TSX-listed Dundee bought the former Soviet-run gold-copper mine for next to nothing in 2003 and has since quadrupled its underground production rate. A more recent doubling of production coincided with the introduction of technology seen at few other underground mines – or any mine for that matter – around the world. With its low cost structure the operation is now a key growth platform for Dundee at a time of firming gold prices.
The company has paid down its long-term debt to about $70 million after a recent equity raising and is only now set to reap significant benefits from its $400 million investment over five years in the Tsumeb smelter in Namibia. Dundee also has construction getting started on the $178 million, high-grade Krumovgrad openpit gold project in Bulgaria, which could have a payback of less than two years at current metal prices, and is building reserves at Chelopech with a view to expanding it to a 2.5 million tonnes per annum operation.
So Howes said at this week’s Denver Gold Forum that Dundee had a strong organic growth pipeline, with fully-financed projects, “without taking risk on acquisitions”.
But he told Mining Journal at the conference the company was definitely looking at opportunities to apply its “competitive advantage” to realise value from cheaper, perhaps lower-quality assets where others couldn’t see the same upside.
“We don’t necessarily have to compete for all these high-grade, I would call, no-brainer, projects.
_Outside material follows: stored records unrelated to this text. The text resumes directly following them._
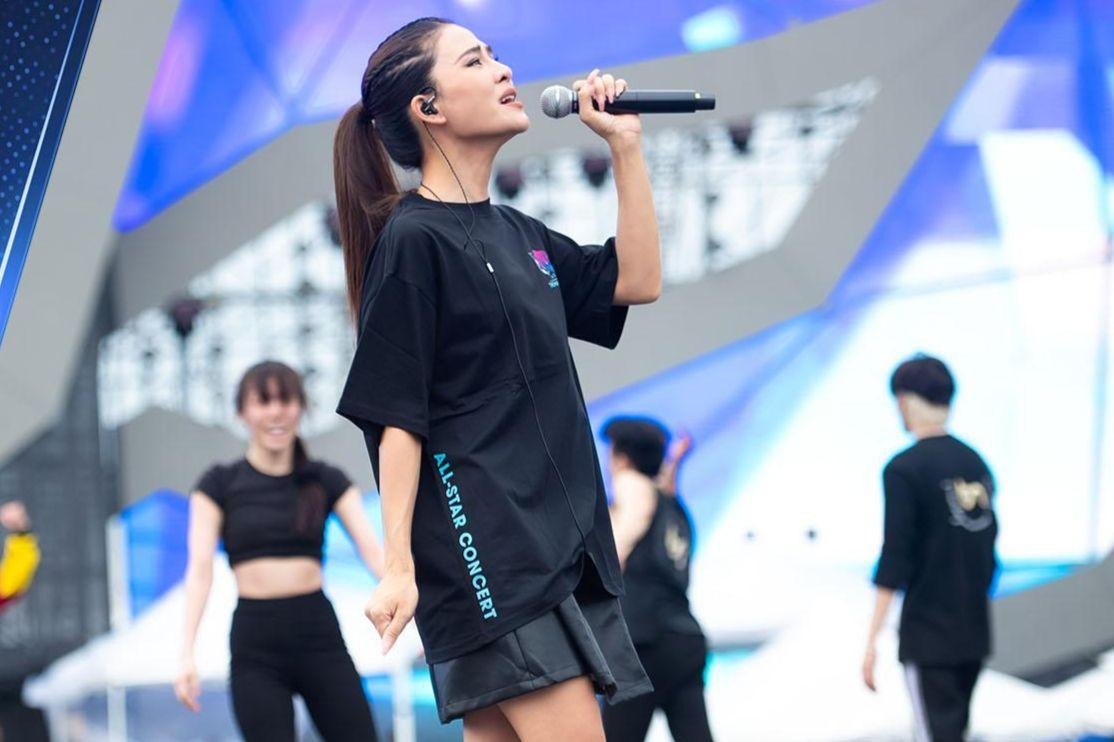 "Miêu Quý Tộc" Hà Nhi "Miêu Quý Tộc" Hà Nhi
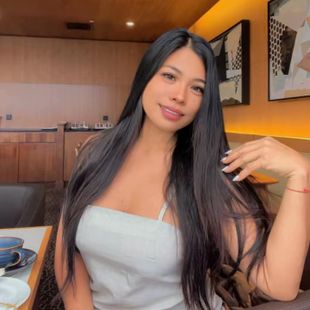 A Beautiful Filipina Girl
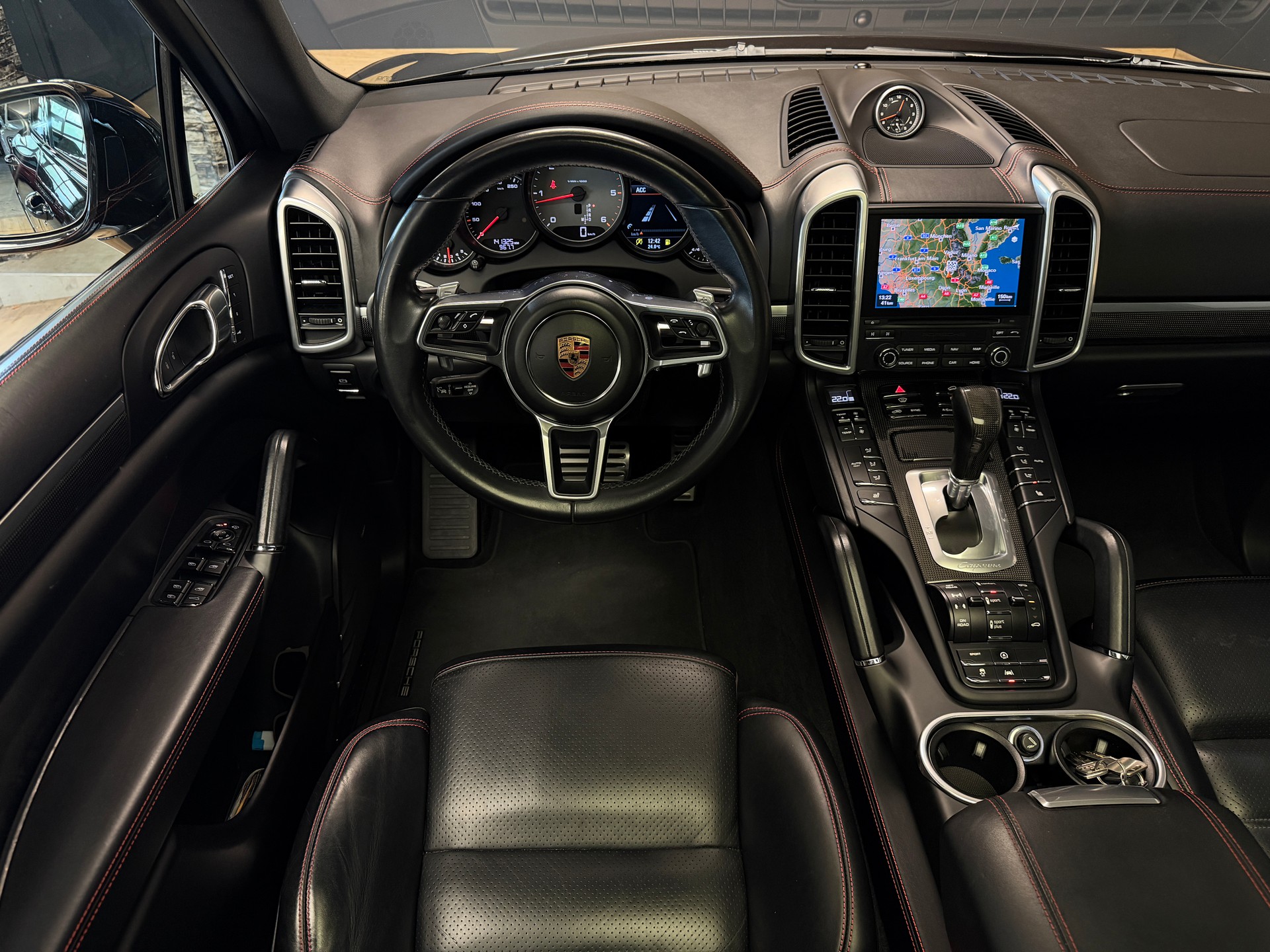 PORSCHE Cayenne S Diesel Platinum-image-10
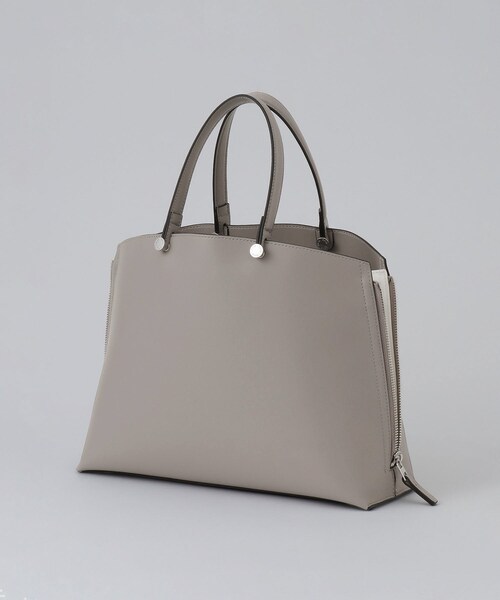 ROPE'(ロペ)の「【E'POR】Y BAG Medium【軽量】【メディア掲載】(ハンドバッグ・レディース・ベージュ/ネイビー/ライトグレー/ダークブラウン/ブラック/オフホワイト/ベージュ系/ワイン/パープル系・F)」の6枚目の写真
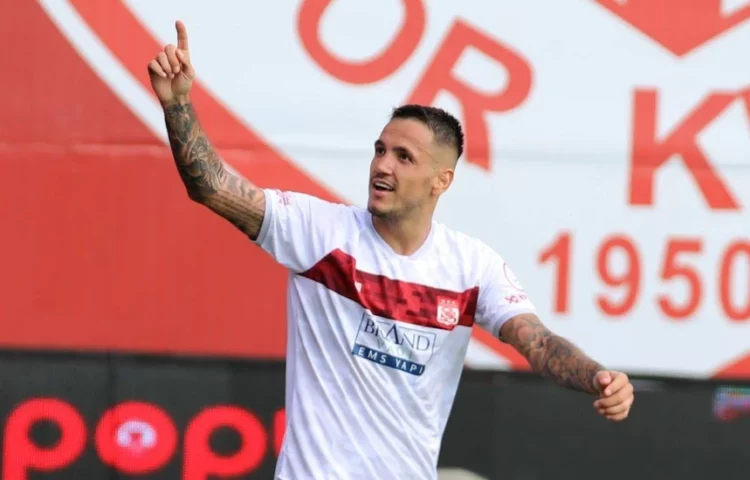 I pandalshëm në kampionatin turk, Rey Manaj tund sërish rrjetën me Sivasspor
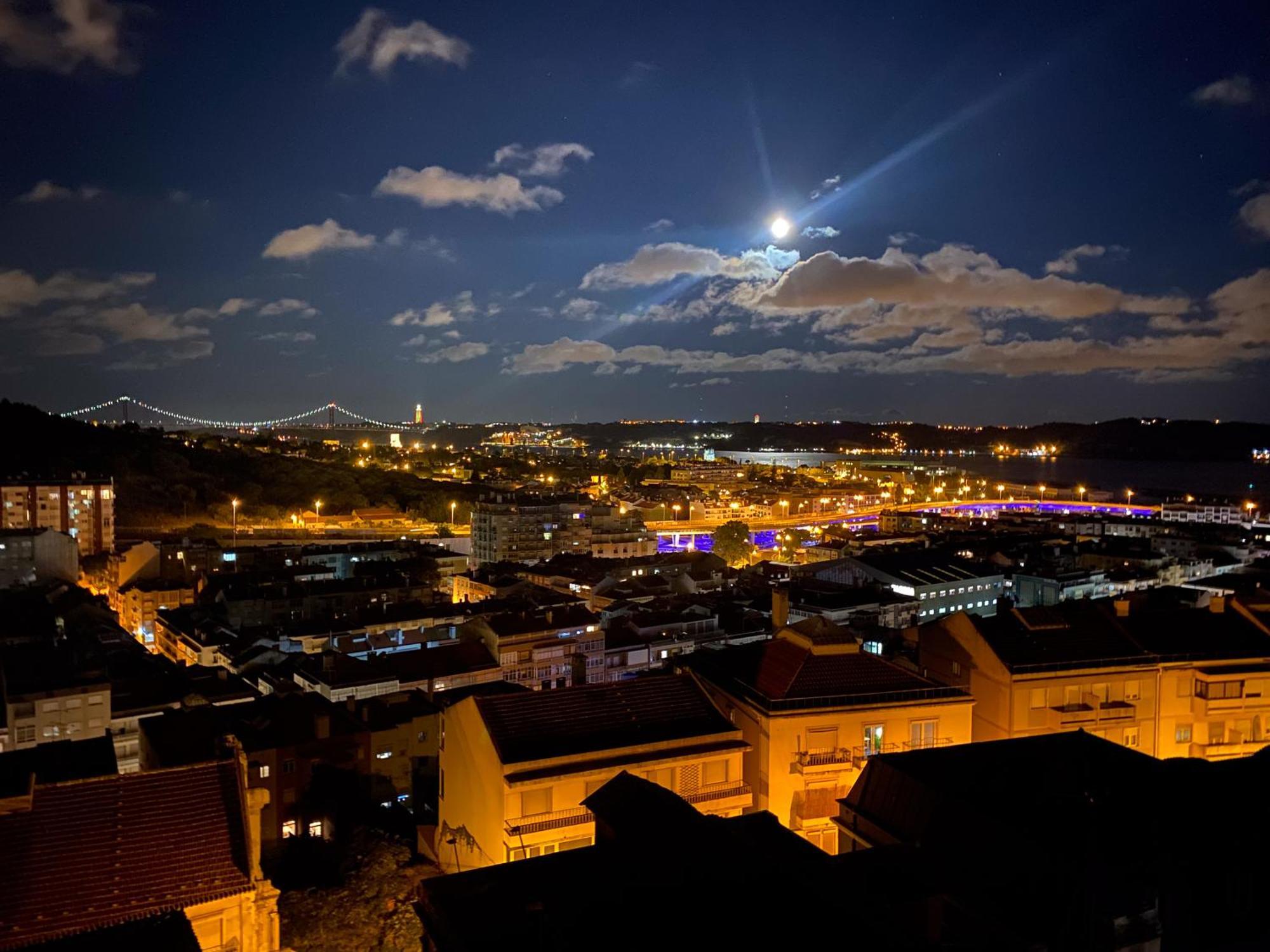 Ideally Located With Perfect Views Algés Eksteriør billede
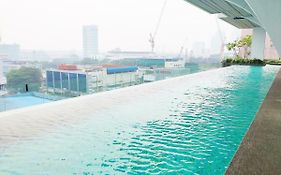 5-Star Apartment + Infinity Pool, 4 Pax, 1 Min To Jaya One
But where we can apply those smarts is where we can take lower grade, or maybe less attractive assets, and create big value out of them because we can operate them more efficiently,” Howes said.
“We’re really trying to use our competitive advantage to leverage margin improvements on these projects that others wouldn’t be able to deliver on because of the ability we have to do things differently.”
Howes spoke last year in Canada – in the depths of the industry recession – to new industry leaders about investor dissatisfaction with mining-sector wealth destruction and the industry’s apparent inability to fix broken mine and asset management models. He believes mining companies must adopt more of the readily available technologies proven in other industries, to fundamentally change the way mines are operated and materially improve investment returns. Howes says all this can be done with minimal risk.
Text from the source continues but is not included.